The task:
This task requires every entry to be set down again exactly.
BEGIN Data supplied
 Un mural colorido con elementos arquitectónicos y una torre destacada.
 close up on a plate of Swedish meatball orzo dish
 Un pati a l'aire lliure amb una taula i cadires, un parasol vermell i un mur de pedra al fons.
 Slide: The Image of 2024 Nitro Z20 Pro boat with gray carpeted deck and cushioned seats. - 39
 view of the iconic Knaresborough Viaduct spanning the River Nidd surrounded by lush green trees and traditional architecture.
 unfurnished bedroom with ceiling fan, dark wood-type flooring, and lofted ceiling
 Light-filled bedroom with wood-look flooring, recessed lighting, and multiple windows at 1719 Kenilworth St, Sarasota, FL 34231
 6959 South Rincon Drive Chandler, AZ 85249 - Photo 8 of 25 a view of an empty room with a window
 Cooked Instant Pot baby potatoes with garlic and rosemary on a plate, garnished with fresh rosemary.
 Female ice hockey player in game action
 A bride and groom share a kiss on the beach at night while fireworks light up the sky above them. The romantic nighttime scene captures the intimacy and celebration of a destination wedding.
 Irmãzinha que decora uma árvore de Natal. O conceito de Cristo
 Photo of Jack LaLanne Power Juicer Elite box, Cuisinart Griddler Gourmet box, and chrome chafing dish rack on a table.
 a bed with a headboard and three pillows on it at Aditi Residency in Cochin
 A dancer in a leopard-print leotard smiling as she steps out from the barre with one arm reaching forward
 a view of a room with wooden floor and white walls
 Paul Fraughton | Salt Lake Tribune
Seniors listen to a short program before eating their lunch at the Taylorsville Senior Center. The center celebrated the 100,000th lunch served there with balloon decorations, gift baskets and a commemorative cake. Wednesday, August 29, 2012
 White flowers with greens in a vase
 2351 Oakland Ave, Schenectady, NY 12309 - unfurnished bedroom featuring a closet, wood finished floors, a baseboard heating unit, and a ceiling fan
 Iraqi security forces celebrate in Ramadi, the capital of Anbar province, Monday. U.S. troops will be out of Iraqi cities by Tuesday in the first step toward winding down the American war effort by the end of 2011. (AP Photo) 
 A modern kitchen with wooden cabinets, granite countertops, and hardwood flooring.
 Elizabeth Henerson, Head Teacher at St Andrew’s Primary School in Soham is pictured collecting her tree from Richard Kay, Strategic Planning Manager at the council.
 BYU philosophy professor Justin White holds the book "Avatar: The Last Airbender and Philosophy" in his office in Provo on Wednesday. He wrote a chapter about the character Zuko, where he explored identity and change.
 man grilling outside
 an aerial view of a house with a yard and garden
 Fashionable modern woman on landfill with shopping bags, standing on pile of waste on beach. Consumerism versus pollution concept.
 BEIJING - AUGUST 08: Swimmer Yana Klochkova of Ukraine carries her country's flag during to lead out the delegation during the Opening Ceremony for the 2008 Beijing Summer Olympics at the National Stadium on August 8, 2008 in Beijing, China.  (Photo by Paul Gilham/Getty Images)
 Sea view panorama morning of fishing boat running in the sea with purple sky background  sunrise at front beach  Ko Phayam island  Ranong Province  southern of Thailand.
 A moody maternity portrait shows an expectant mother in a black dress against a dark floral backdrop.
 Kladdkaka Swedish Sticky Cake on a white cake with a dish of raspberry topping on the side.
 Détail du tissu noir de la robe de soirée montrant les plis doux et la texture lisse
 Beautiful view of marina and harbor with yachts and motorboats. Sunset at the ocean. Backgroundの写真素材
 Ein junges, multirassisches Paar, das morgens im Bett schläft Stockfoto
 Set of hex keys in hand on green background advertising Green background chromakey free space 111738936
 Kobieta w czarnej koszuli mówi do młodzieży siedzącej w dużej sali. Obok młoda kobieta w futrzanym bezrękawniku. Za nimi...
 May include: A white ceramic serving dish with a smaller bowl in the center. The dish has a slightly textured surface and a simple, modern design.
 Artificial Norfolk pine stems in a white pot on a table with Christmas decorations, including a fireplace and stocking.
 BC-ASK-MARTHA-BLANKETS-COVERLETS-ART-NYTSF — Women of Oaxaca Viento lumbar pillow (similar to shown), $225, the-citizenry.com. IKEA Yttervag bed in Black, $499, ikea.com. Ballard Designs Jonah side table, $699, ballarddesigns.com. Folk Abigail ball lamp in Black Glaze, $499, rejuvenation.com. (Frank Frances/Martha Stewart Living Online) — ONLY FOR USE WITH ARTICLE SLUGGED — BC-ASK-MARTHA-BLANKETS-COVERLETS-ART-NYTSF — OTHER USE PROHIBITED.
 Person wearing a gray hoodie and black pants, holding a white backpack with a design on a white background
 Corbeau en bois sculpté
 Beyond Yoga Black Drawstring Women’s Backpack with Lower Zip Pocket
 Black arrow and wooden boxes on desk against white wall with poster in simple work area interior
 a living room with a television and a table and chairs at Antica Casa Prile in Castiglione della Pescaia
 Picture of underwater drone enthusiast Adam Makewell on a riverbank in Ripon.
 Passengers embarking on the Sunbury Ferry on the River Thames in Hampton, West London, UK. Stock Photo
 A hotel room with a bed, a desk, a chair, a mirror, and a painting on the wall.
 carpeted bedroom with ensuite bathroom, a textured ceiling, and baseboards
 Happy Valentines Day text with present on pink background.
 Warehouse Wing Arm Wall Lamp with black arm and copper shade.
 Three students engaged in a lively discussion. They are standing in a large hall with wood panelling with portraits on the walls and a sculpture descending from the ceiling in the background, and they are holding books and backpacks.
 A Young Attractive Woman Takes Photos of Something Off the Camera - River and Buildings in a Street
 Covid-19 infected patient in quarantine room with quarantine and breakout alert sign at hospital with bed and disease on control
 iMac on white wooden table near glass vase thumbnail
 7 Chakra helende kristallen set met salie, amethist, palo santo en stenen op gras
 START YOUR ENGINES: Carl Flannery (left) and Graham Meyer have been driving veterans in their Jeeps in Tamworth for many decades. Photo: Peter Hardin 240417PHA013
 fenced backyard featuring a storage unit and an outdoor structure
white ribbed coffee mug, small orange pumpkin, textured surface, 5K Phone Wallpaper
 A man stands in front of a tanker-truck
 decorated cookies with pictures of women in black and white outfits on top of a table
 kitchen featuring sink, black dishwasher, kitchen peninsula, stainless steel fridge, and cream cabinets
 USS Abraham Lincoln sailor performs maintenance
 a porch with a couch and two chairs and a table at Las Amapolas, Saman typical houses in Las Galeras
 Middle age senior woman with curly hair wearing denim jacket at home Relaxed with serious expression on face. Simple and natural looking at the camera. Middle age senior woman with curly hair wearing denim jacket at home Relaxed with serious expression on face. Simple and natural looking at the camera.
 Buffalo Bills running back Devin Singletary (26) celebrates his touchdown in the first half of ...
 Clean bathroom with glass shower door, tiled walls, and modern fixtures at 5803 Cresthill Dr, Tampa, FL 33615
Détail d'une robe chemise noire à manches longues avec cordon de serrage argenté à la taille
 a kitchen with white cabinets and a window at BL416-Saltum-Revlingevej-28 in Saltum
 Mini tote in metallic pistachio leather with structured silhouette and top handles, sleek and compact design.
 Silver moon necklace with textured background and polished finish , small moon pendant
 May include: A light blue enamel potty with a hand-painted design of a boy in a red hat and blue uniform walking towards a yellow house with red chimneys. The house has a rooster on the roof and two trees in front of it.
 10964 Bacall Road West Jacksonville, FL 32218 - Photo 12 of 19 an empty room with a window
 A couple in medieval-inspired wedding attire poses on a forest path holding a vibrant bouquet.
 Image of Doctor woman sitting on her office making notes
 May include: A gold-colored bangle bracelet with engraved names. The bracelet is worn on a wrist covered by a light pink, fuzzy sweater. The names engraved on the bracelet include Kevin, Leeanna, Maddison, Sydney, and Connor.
END Data supplied
Response:
 Un mural colorido con elementos arquitectónicos y una torre destacada.
 close up on a plate of Swedish meatball orzo dish
 Un pati a l'aire lliure amb una taula i cadires, un parasol vermell i un mur de pedra al fons.
 Slide: The Image of 2024 Nitro Z20 Pro boat with gray carpeted deck and cushioned seats. - 39
 view of the iconic Knaresborough Viaduct spanning the River Nidd surrounded by lush green trees and traditional architecture.
 unfurnished bedroom with ceiling fan, dark wood-type flooring, and lofted ceiling
 Light-filled bedroom with wood-look flooring, recessed lighting, and multiple windows at 1719 Kenilworth St, Sarasota, FL 34231
 6959 South Rincon Drive Chandler, AZ 85249 - Photo 8 of 25 a view of an empty room with a window
 Cooked Instant Pot baby potatoes with garlic and rosemary on a plate, garnished with fresh rosemary.
 Female ice hockey player in game action
 A bride and groom share a kiss on the beach at night while fireworks light up the sky above them. The romantic nighttime scene captures the intimacy and celebration of a destination wedding.
 Irmãzinha que decora uma árvore de Natal. O conceito de Cristo
 Photo of Jack LaLanne Power Juicer Elite box, Cuisinart Griddler Gourmet box, and chrome chafing dish rack on a table.
 a bed with a headboard and three pillows on it at Aditi Residency in Cochin
 A dancer in a leopard-print leotard smiling as she steps out from the barre with one arm reaching forward
 a view of a room with wooden floor and white walls
 Paul Fraughton | Salt Lake Tribune
Seniors listen to a short program before eating their lunch at the Taylorsville Senior Center. The center celebrated the 100,000th lunch served there with balloon decorations, gift baskets and a commemorative cake. Wednesday, August 29, 2012
 White flowers with greens in a vase
 2351 Oakland Ave, Schenectady, NY 12309 - unfurnished bedroom featuring a closet, wood finished floors, a baseboard heating unit, and a ceiling fan
 Iraqi security forces celebrate in Ramadi, the capital of Anbar province, Monday. U.S. troops will be out of Iraqi cities by Tuesday in the first step toward winding down the American war effort by the end of 2011. (AP Photo) 
 A modern kitchen with wooden cabinets, granite countertops, and hardwood flooring.
 Elizabeth Henerson, Head Teacher at St Andrew’s Primary School in Soham is pictured collecting her tree from Richard Kay, Strategic Planning Manager at the council.
 BYU philosophy professor Justin White holds the book "Avatar: The Last Airbender and Philosophy" in his office in Provo on Wednesday. He wrote a chapter about the character Zuko, where he explored identity and change.
 man grilling outside
 an aerial view of a house with a yard and garden
 Fashionable modern woman on landfill with shopping bags, standing on pile of waste on beach. Consumerism versus pollution concept.
 BEIJING - AUGUST 08: Swimmer Yana Klochkova of Ukraine carries her country's flag during to lead out the delegation during the Opening Ceremony for the 2008 Beijing Summer Olympics at the National Stadium on August 8, 2008 in Beijing, China.  (Photo by Paul Gilham/Getty Images)
 Sea view panorama morning of fishing boat running in the sea with purple sky background  sunrise at front beach  Ko Phayam island  Ranong Province  southern of Thailand.
 A moody maternity portrait shows an expectant mother in a black dress against a dark floral backdrop.
 Kladdkaka Swedish Sticky Cake on a white cake with a dish of raspberry topping on the side.
 Détail du tissu noir de la robe de soirée montrant les plis doux et la texture lisse
 Beautiful view of marina and harbor with yachts and motorboats. Sunset at the ocean. Backgroundの写真素材
 Ein junges, multirassisches Paar, das morgens im Bett schläft Stockfoto
 Set of hex keys in hand on green background advertising Green background chromakey free space 111738936
 Kobieta w czarnej koszuli mówi do młodzieży siedzącej w dużej sali. Obok młoda kobieta w futrzanym bezrękawniku. Za nimi...
 May include: A white ceramic serving dish with a smaller bowl in the center. The dish has a slightly textured surface and a simple, modern design.
 Artificial Norfolk pine stems in a white pot on a table with Christmas decorations, including a fireplace and stocking.
 BC-ASK-MARTHA-BLANKETS-COVERLETS-ART-NYTSF — Women of Oaxaca Viento lumbar pillow (similar to shown), $225, the-citizenry.com. IKEA Yttervag bed in Black, $499, ikea.com. Ballard Designs Jonah side table, $699, ballarddesigns.com. Folk Abigail ball lamp in Black Glaze, $499, rejuvenation.com. (Frank Frances/Martha Stewart Living Online) — ONLY FOR USE WITH ARTICLE SLUGGED — BC-ASK-MARTHA-BLANKETS-COVERLETS-ART-NYTSF — OTHER USE PROHIBITED.
 Person wearing a gray hoodie and black pants, holding a white backpack with a design on a white background
 Corbeau en bois sculpté
 Beyond Yoga Black Drawstring Women’s Backpack with Lower Zip Pocket
 Black arrow and wooden boxes on desk against white wall with poster in simple work area interior
 a living room with a television and a table and chairs at Antica Casa Prile in Castiglione della Pescaia
 Picture of underwater drone enthusiast Adam Makewell on a riverbank in Ripon.
 Passengers embarking on the Sunbury Ferry on the River Thames in Hampton, West London, UK. Stock Photo
 A hotel room with a bed, a desk, a chair, a mirror, and a painting on the wall.
 carpeted bedroom with ensuite bathroom, a textured ceiling, and baseboards
 Happy Valentines Day text with present on pink background.
 Warehouse Wing Arm Wall Lamp with black arm and copper shade.
 Three students engaged in a lively discussion. They are standing in a large hall with wood panelling with portraits on the walls and a sculpture descending from the ceiling in the background, and they are holding books and backpacks.
 A Young Attractive Woman Takes Photos of Something Off the Camera - River and Buildings in a Street
 Covid-19 infected patient in quarantine room with quarantine and breakout alert sign at hospital with bed and disease on control
 iMac on white wooden table near glass vase thumbnail
 7 Chakra helende kristallen set met salie, amethist, palo santo en stenen op gras
 START YOUR ENGINES: Carl Flannery (left) and Graham Meyer have been driving veterans in their Jeeps in Tamworth for many decades. Photo: Peter Hardin 240417PHA013
 fenced backyard featuring a storage unit and an outdoor structure
white ribbed coffee mug, small orange pumpkin, textured surface, 5K Phone Wallpaper
 A man stands in front of a tanker-truck
 decorated cookies with pictures of women in black and white outfits on top of a table
 kitchen featuring sink, black dishwasher, kitchen peninsula, stainless steel fridge, and cream cabinets
 USS Abraham Lincoln sailor performs maintenance
 a porch with a couch and two chairs and a table at Las Amapolas, Saman typical houses in Las Galeras
 Middle age senior woman with curly hair wearing denim jacket at home Relaxed with serious expression on face. Simple and natural looking at the camera. Middle age senior woman with curly hair wearing denim jacket at home Relaxed with serious expression on face. Simple and natural looking at the camera.
 Buffalo Bills running back Devin Singletary (26) celebrates his touchdown in the first half of ...
 Clean bathroom with glass shower door, tiled walls, and modern fixtures at 5803 Cresthill Dr, Tampa, FL 33615
Détail d'une robe chemise noire à manches longues avec cordon de serrage argenté à la taille
 a kitchen with white cabinets and a window at BL416-Saltum-Revlingevej-28 in Saltum
 Mini tote in metallic pistachio leather with structured silhouette and top handles, sleek and compact design.
 Silver moon necklace with textured background and polished finish , small moon pendant
 May include: A light blue enamel potty with a hand-painted design of a boy in a red hat and blue uniform walking towards a yellow house with red chimneys. The house has a rooster on the roof and two trees in front of it.
 10964 Bacall Road West Jacksonville, FL 32218 - Photo 12 of 19 an empty room with a window
 A couple in medieval-inspired wedding attire poses on a forest path holding a vibrant bouquet.
 Image of Doctor woman sitting on her office making notes
 May include: A gold-colored bangle bracelet with engraved names. The bracelet is worn on a wrist covered by a light pink, fuzzy sweater. The names engraved on the bracelet include Kevin, Leeanna, Maddison, Sydney, and Connor.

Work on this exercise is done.